Expected Value of [Consecutive Heads Flipping Game]: E[X] = SUM(xi * pi) … which expands to: E[X] = (x1*p1) + (x2 * p2) + … all the way up to … + (xk * pk) Understanding the formula
What does x# mean or p# mean? Think of “x#” (e.g. x1 or x2, etc) in this problem as the $ you earn if you achieve the #th consecutive heads flip. “p#” is the probability of achieving that # of consecutive heads flip. In this case, the probability of getting 1 consecutive heads is 1/2 (this is the probability of a coin landing heads) and the payout is 2 cents (the 1 cent initial pot specified by the game, doubles from the heads) … the probability of 2 consecutive heads is p=1/4 (this comes from 1/2 for the first heads * 1/2 for the second heads) and the payout is x=2 cents. 3 consecutive heads is p=1/8, the payout is x=4 cents. You can see a pattern of the probability halving each time, and the payout doubling each time. If you’re wondering what the xk and pk means… k is just a placeholder which represents the final/last iteration of the game. Since the game could last for 1 turn or 10,000 flips (we don’t know!) we use the arbitrary symbol k to represent/denote the kth (final) flip of the sequence (whatever that number k may actually be).
So in our case of X being the “Consecutive Heads Flipping Game”, we have: E[X] = (1/2 chance * 2 cents) + (1/4 * 4 cents) + … and on and on If we add (sum) all of these up, we get: E[X] = 1 + 1 + 1 + …. E[X] = infinity!
GET ON WITH IT!!!! Ok, ok. If you work through the math, you’ll see why the Expected Value (the average expected returns, if you were to play the game over and over again) would be infinity – a great value proposition!
That doesn’t mean you will actually pay to play the game. In economics and utility theory, it can be demonstrated that money has a different value, relative to the amount of money you have. If you have $100 to your name, paying $50 to play this game may seem ludicrous and irresponsible. But if you have $100,000,000 dollars and the game costs $50, it may make a lot of sense for you (because of the Expected Value justifies and suggests, if you keep playing, you stand to earn a nearly infinite sum – of course not guaranteed, just supported/informed by the average case probability of the event).
This paradox is similar to the Monty Hall problem. The Monty Hall problem suggests you’re on a game show with 3 doors. Behind one of them is something you want. Behind the other 2 are things you don’t want (let’s say worthless coal). You are entitled to choose 1 of the 3 doors (thus with a 1/3 confidence). The game show host then reveals one of the 2 remaining un-selected doors which contains coal (one of the items you don’t value). The question is, if the game show host were to allow you to change doors to the other remaining door, would/should you?
Many argue it doesn’t matter because you are now faced with a new, independent problem which has 2 doors, each of which have a 50/50 probability of containing coal. However, the problem is, the probability distribution does NOT magically raise from 1/3 to 1/2 just because there are only 2 doors remaining. Here’s why:
Mathematically, there are 3 doors (buckets for your combinatorics folks) and 3 items which have 3! (3 factorial; i.e. 3 * 2 * 1) unique arrangements / ways of being ordered. And 3! (i.e. 3 * 2 * 1) = 6 unique orderings. That is to say, when the game show host sets up the doors, he must choose 1 of those 6 arrangements.
Door: 1, 2, 3 a) Coal1 Coal2 Car b) Coal2 Coal1 Car c) Coal1 Car Coal2 d) Coal2 Car Coal1 e) Car Coal1 Coal2 f) Car Coal2 Coal1 Mind you, these are not actually 6 “unique” permutations. You may notice, that a&b, c&d, and e&f are… well, when you get right down to it, a piece of coal is a piece of coal and the two coal doors are the same crappy prize, as far as we’re concerned. So really, out of these 6 orderings, only 3 of them are unique: a&c&e (we could have just as well said b&c&f or a&d&f, etc – you should ask if you don’t understand why this is.

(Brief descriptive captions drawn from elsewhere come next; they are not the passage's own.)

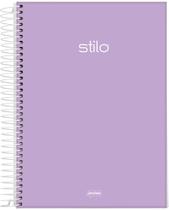 Caderno Universitário Escolar Stilo 10 Matéria Universitário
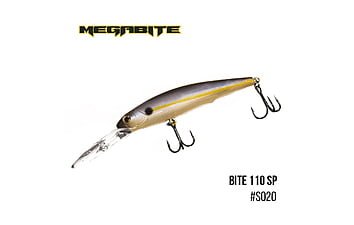 Воблер Megabite Bite 110 SP 110 мм 23,6 г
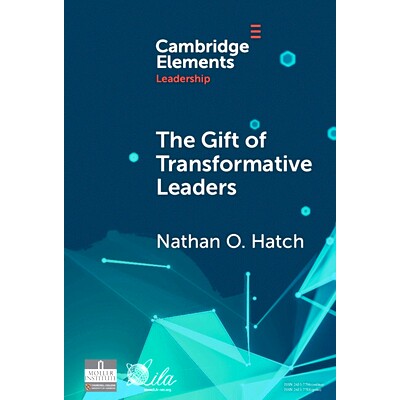预订 The Gift of Transformative Leaders 变革型*的礼物: 9781009517355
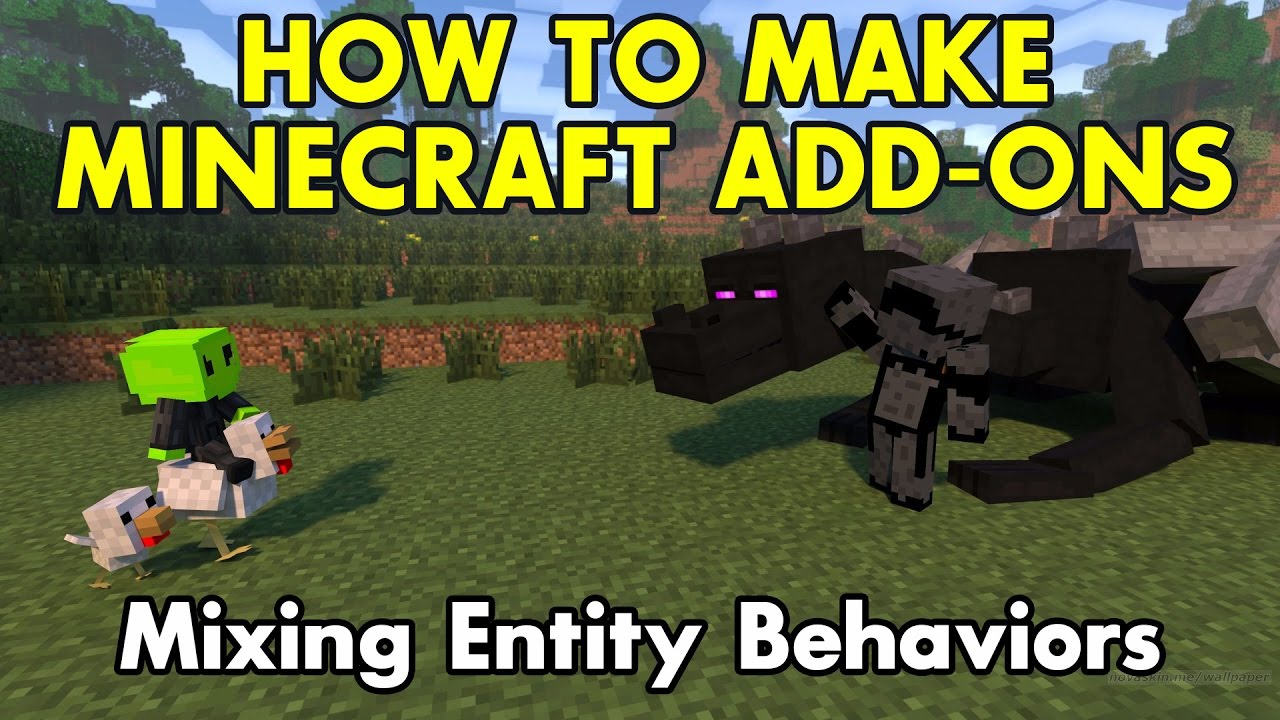 Minecraft Add-On Tutorial - Mixing Entity Behaviors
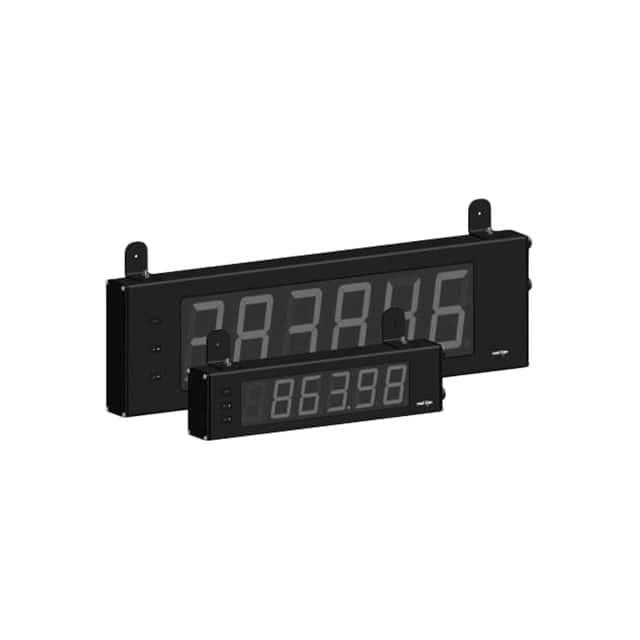 LD2SS6P0 DISP 7SEG 2.25" 6DIG RED MODULE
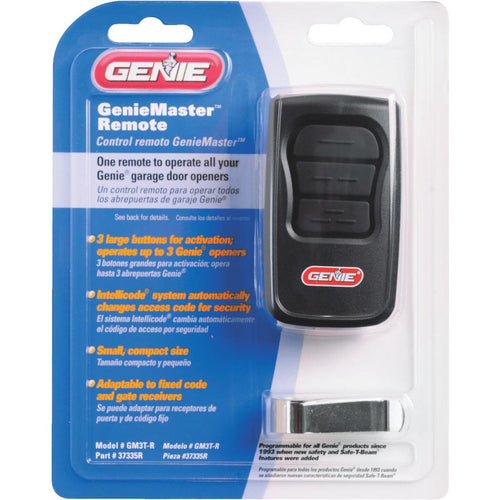 GenieMaster 3-Button Garage Door Remote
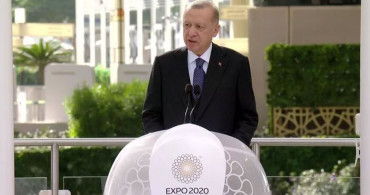 Cumhurbaşkanı Erdoğan'dan Dubai EXPO 2020 Türkiye Ulusal Günü'nden Açıklamalar: 2023'te Yeşil Bir Türkiye!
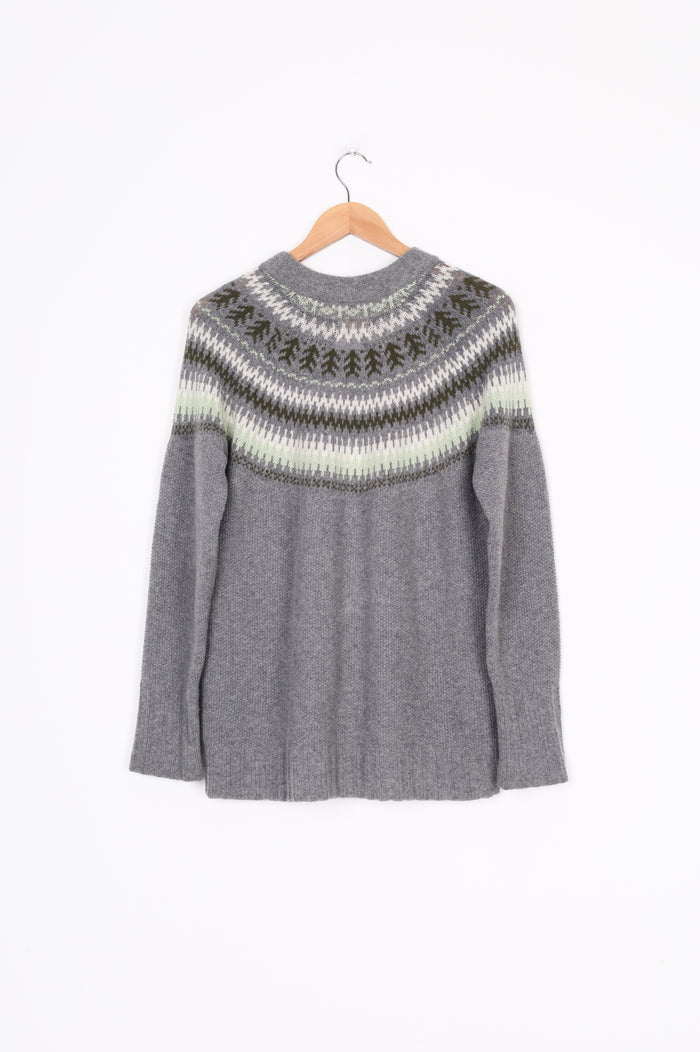 Barbour Womens Grey Jumper Size 12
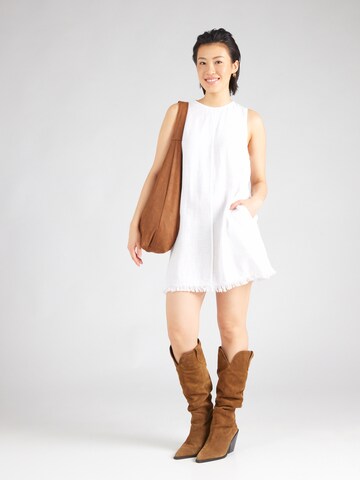 Robe 'NMLEILANI' Noisy may en blanc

It’s important, just not the emphasis of this piece). Needless to say, the real 3 unique outcomes are: Door: 1, 2, 3 a) Coal Coal Car b) Coal Car Coal c) Car Coal Coal
The door you originally select – let’s call this door #1, you choose with a (by definition) 1/3 probability of being right. When the game show host reveals one of the doors (such as door #3) as containing coal, we never learn if our door is wrong, only about one of the doors which was wrong. After the revealing, since there are only two doors left (ours and the other), and we know our door has a 1/3 chance of winning, then we know the remaining 2/3 probability lies with the other unrevealed door. While it may appear to be a 50 / 50 choice, this ignores the initial probability distribution of the problem setup. Just because there are only 2 choices remaining, doesn’t mean it the problem is a 50 / 50 spit. Here’s how to explain it. Here is the #1 key learning to understanding the Monty Hall Problem:
- With our initial selection, we always choose the same door.
- On the other hand, the same door is NOT always eliminated! If we always choose door #1, then it can be either door #2 or door #3 which is eliminated, depending on which contains coal. There are 2 ways for the car to exist within door #2 or door #3 but only 1 way for the car to exist in door #1.
One could argue the host uses knowledge of the Monty Hall problem to purposely mislead contestants into choosing the wrong door (i.e. only offering the option to switch when their 1/3 probability original selection is correct). But assuming the placement of the valuable item is done perfectly randomly (fairly), I would switch doors. By switching doors to the final remaining door, you are basically making a new decision which includes both of the 2 doors: the probability of the new door, as well as the probability (the added information) which you get from the door which has been revealed (1/3). As a result, switching your decision to the other door means you have a 2/3 chance of being right. Given the opportunity, I’d switch. DISCLAIMER: I’m not perfect, corrections appreciated.  https://en.wikipedia.org/wiki/St._Petersburg_paradox  https://en.wikipedia.org/wiki/Expected_value  Monty Hall Program + Proof
Be Philosophical: Meta, Reflective, Curious, Inquisitive
Analogies of Life and Computer Science (and their inferences)
The Perception of Realities
Reality is the conjectured state of things as they actually exist, rather than as they may appear or might be imagined. 
Namely, there are two types of reality. I independently came up with the terms Social and Material reality to serve this distinction. Ironically, Franz Jakubowski  (http://en.wikipedia.org/wiki/Franz_Jakubowski), Schütz, et al  came up with nearly identical distinctions 100 before (ideal v. material reality and social reality). Given they spent a lot longer thinking about this problem than I have, I am going to concede to their terminology.
- Our universe has not been fully observed
- Our universe is not fully understood
- Within reality, there are systems which are (for now) of known computable probability distribution
 Compact Oxford English Dictionary of Current English, Oxford University Press, 2005  http://en.wikipedia.org/wiki/Franz_Jakubowski  http://en.wikipedia.org/wiki/Social_reality  http://en.wikipedia.org/wiki/Occam’s_razor  http://en.wikipedia.org/wiki/Solomonoff’s_theory_of_inductive_inference  https://en.wikipedia.org/wiki/M%C3%BCnchhausen_trilemma
Why is the World Broken?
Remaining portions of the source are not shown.